The data:
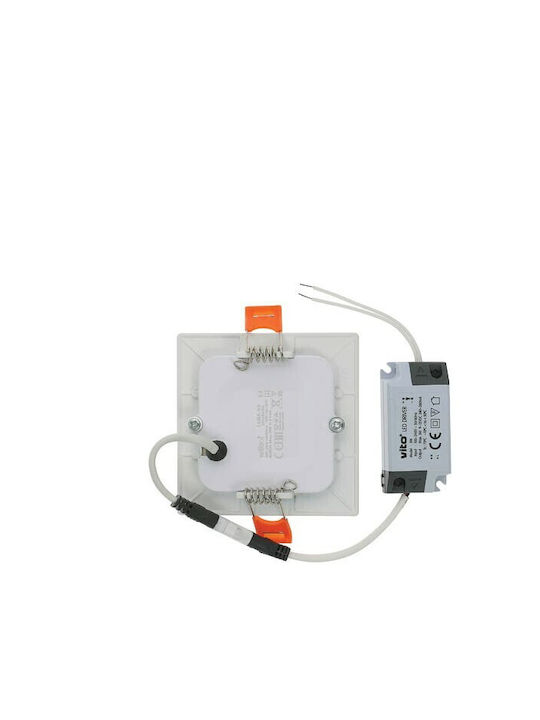 Vito Τετράγωνο Χωνευτό LED Panel 18W με Θερμό Λευκό Φως 3000K 20.5x20.5εκ.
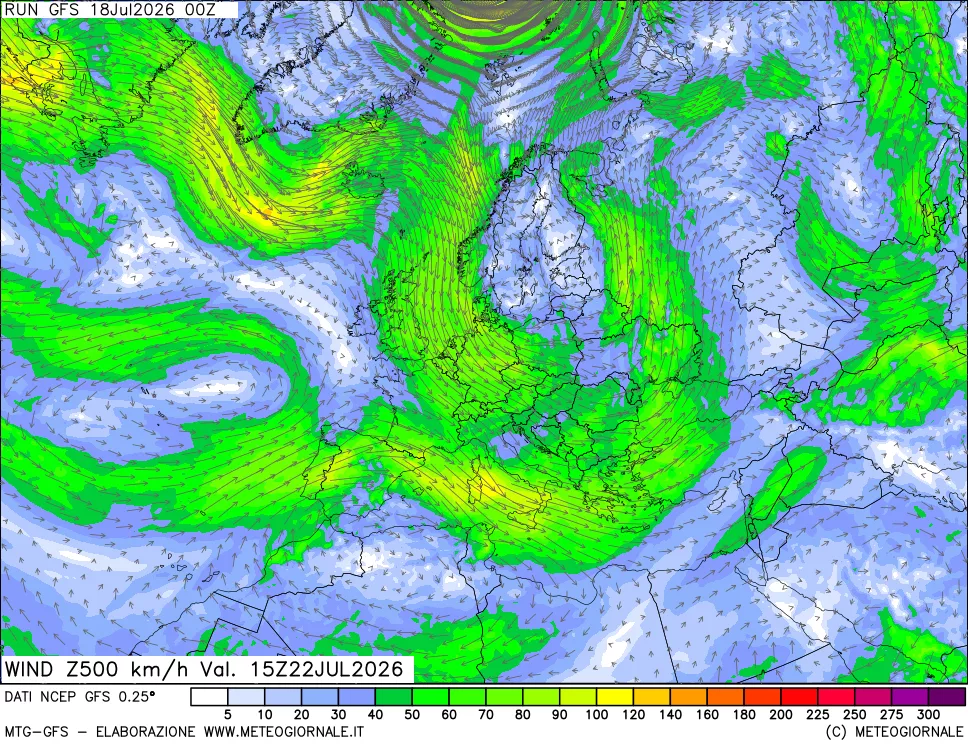 mappa 500 hPa Vento forza e direzione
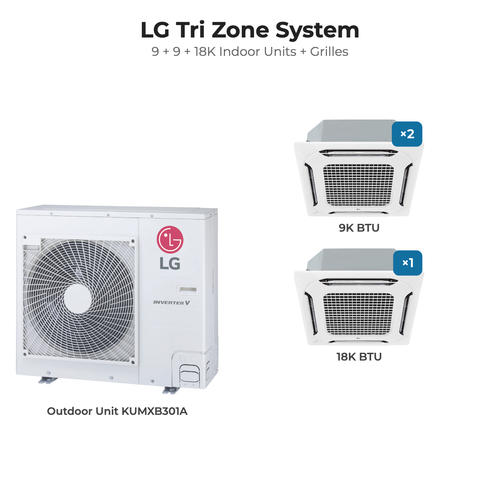 LG Tri zone mini split system KUMXB301A with 9 + 9 + 18K indoor units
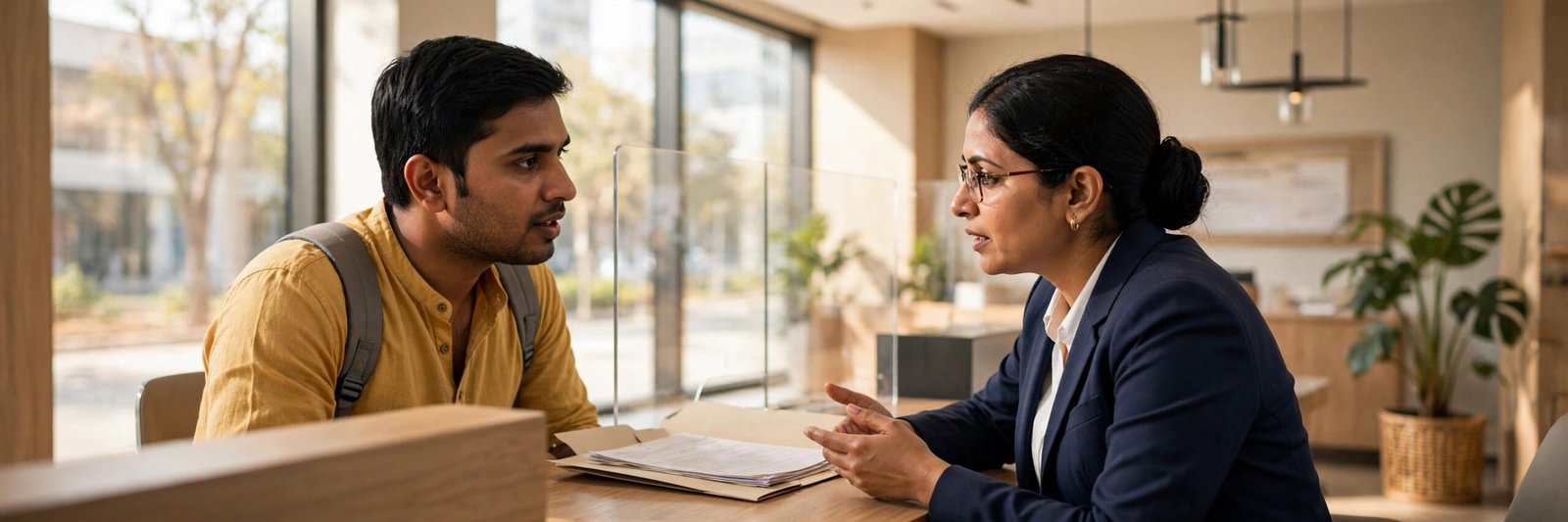 HDFC Credit Card Status: Track Application Online Asking a bank executive about an HDFC credit card application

Exercise objective: Without changing a single word, set down all of the material again and leave out its pictures.

Task response:
 Vito Τετράγωνο Χωνευτό LED Panel 18W με Θερμό Λευκό Φως 3000K 20.5x20.5εκ.
 mappa 500 hPa Vento forza e direzione
 LG Tri zone mini split system KUMXB301A with 9 + 9 + 18K indoor units
 HDFC Credit Card Status: Track Application Online Asking a bank executive about an HDFC credit card application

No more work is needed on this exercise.